In general, algal oils contain a higher degree of polyunsaturated fatty acids (PUFA) (i. e., more than four double bonds) than vegetable oil (Belarbi et al., 2000; Harwood and Guschina, 2009) and higher free fatty acid content (>2%). ASTM D6751 (United States) and EN 14214 (European Union) provide the specifications for pure biodiesel (B100, Table 7.1) and are used in many parts of world for comparing the fuel proper­ties of biodiesel. The biodiesel standards developed in many countries are based on the availability of region-specific biodiesel feedstocks. The specifications developed for ensuring biodiesel fuel quality are frequently subjected to modifications, and biodiesel-producing countries are required to update their specifications according to changes in ASTM — or EN-based biodiesel standards.

The lipid composition of algal oil is different from plant oils/animal fats, and it varies with species and growing conditions (Mutanda et al., 2011). Major fuel and chemical properties considered for the selection of an alternate diesel fuel are

kinematic viscosity (KV), higher heating value (HHV), Cetane Number (CN), den­sity, flashpoint, cold flow properties (cloud and pour points), carbon residue, oxi­dation stability, ash content, ignition quality, acid value (AV), saponification value (SV), and iodine value (IV). These properties can be compared with well-established international fuel standards for ensuring fuel quality for diesel engine applications. Properties such as SV, IV, and CN are considered more important for assessing alternate diesel fuels because they give basic information about the ignition quality of fuel, the presence of unsaturated fatty acids (UFAs), and the ignition properties of FAMEs, respectively. The higher iodine values of algal oil indicate the presence of higher UFAs, and heating these UFAs may be lead to the formation of deposits due to the polymerization of glycerides at high temperatures (Mittelbach, 1996; Ramos et al., 2009). The algal oils/FAMEs containing higher degrees of unsaturation are not recommended for biodiesel. The values of the SV, IV, and CN can be easily calcu­lated from the lipid profiles of algal oil using equations developed by Krisnangkura (1986) and Kalayasiri et al. (1996).

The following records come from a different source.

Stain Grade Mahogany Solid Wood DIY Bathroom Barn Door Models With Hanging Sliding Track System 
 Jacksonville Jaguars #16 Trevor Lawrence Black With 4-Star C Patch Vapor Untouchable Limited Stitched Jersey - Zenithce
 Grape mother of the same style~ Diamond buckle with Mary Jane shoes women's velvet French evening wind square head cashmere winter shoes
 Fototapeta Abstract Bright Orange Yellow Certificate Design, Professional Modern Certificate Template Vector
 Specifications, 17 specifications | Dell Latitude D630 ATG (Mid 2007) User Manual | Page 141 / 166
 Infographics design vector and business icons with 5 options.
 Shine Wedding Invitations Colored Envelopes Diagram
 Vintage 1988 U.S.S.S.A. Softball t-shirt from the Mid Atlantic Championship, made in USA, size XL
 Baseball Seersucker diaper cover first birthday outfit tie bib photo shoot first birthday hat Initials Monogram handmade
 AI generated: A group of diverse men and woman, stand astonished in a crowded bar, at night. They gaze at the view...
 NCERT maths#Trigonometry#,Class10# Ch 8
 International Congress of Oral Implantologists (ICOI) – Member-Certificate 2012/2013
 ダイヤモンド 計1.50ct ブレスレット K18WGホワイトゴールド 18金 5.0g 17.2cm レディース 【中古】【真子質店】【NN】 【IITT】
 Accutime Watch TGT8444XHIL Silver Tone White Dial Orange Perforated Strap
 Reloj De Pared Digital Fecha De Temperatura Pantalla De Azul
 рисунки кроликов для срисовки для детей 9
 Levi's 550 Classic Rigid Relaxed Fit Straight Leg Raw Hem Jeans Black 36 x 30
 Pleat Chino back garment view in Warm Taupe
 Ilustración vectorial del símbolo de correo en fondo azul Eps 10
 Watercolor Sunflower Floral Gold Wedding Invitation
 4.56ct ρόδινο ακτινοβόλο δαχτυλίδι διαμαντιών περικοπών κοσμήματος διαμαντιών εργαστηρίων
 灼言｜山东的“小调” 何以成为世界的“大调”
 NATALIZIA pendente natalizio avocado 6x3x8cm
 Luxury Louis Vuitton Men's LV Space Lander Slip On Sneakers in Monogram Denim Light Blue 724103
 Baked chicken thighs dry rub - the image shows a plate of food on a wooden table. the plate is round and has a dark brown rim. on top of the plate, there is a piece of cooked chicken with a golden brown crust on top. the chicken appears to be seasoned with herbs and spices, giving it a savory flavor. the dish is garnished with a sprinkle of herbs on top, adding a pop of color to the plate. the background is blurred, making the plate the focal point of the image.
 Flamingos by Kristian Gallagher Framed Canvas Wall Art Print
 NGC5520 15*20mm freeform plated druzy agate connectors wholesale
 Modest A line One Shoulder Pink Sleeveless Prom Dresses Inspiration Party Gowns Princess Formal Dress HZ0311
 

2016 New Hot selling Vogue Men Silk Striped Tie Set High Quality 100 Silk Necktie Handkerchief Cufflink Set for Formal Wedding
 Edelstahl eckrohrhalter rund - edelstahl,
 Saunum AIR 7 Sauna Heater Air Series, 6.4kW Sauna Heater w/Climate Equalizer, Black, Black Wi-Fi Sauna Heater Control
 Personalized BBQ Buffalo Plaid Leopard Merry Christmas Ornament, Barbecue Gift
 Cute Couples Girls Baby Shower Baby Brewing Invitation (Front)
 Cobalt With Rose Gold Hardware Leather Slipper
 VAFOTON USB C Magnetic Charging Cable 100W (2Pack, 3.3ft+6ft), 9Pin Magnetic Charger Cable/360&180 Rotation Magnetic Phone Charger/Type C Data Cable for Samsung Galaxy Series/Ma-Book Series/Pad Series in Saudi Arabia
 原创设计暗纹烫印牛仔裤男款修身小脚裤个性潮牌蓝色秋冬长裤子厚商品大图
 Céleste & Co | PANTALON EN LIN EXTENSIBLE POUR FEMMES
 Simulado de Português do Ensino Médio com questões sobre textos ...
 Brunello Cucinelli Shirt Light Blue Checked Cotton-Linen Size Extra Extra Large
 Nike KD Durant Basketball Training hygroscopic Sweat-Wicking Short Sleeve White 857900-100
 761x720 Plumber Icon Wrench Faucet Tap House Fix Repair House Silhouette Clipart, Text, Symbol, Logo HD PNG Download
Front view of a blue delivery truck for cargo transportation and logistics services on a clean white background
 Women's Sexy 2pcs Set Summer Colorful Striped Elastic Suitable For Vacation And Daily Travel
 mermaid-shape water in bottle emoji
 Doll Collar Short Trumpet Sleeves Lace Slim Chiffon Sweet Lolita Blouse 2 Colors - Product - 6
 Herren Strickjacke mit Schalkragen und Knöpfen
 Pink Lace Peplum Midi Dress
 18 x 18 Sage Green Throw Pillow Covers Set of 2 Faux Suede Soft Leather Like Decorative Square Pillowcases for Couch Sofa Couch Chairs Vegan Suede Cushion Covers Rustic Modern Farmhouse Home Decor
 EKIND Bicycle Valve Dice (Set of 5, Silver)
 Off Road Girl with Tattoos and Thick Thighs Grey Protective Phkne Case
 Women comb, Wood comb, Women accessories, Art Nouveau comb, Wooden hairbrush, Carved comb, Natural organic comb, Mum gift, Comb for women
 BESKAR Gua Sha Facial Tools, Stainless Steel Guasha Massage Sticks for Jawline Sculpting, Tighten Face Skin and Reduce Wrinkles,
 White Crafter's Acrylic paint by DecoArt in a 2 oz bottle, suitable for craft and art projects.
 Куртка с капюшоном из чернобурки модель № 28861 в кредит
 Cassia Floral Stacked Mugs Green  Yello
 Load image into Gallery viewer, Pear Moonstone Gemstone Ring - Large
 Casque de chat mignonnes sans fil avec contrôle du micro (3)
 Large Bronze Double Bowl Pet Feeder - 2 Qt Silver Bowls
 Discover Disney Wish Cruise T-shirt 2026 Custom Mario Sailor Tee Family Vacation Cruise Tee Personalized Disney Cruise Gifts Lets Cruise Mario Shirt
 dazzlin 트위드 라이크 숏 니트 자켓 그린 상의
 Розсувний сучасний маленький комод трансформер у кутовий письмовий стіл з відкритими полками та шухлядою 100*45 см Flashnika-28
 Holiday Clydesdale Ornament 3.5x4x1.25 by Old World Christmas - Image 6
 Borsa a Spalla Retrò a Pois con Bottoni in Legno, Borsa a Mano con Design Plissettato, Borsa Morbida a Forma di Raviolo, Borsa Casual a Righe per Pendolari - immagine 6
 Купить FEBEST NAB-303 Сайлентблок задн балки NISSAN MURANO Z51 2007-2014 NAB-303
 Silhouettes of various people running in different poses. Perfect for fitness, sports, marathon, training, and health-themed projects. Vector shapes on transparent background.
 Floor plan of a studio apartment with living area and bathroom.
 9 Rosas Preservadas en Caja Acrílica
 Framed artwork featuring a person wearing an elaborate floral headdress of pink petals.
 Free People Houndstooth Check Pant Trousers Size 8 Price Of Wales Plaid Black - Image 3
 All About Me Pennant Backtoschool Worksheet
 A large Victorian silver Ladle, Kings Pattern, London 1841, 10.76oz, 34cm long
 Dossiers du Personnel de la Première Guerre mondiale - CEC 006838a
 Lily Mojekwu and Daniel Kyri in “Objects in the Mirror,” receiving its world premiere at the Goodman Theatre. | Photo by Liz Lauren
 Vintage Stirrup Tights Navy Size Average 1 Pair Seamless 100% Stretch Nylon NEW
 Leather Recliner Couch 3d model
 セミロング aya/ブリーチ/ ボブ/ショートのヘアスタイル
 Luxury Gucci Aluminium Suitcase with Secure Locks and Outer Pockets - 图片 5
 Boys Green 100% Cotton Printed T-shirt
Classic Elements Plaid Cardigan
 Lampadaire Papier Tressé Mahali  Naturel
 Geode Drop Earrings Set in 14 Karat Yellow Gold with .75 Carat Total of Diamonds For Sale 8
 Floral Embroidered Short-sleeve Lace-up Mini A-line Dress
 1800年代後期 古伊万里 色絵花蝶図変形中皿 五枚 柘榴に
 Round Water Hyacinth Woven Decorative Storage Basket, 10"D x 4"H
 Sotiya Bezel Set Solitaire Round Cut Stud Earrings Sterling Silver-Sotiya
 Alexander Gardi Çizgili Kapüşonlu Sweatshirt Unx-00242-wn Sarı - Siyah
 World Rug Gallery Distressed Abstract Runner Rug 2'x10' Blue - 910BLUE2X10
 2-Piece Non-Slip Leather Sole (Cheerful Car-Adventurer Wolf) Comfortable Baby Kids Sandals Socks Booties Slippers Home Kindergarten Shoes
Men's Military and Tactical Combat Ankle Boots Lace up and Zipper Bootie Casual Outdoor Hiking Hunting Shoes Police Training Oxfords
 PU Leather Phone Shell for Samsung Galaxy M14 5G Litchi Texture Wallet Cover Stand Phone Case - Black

Based on the lipid profiles of identified strains/species grown on a laboratory scale, they can be easily screened for suitability in biofuel production. Based on cor­relations developed between fatty acid compositions and the fuel properties of oils, the fuel quality of biodiesel derived from selected algal oils can be predicted through the lipid composition. Hence, it is necessary to determine the fatty acid profiles of extracted algal lipids for suitability in biodiesel production and assess the fuel qual­ity. It is essential for biodiesel derived from microalgal oil to meet ASTM (2008) or EN (2003) biodiesel standards for ensuring fuel quality.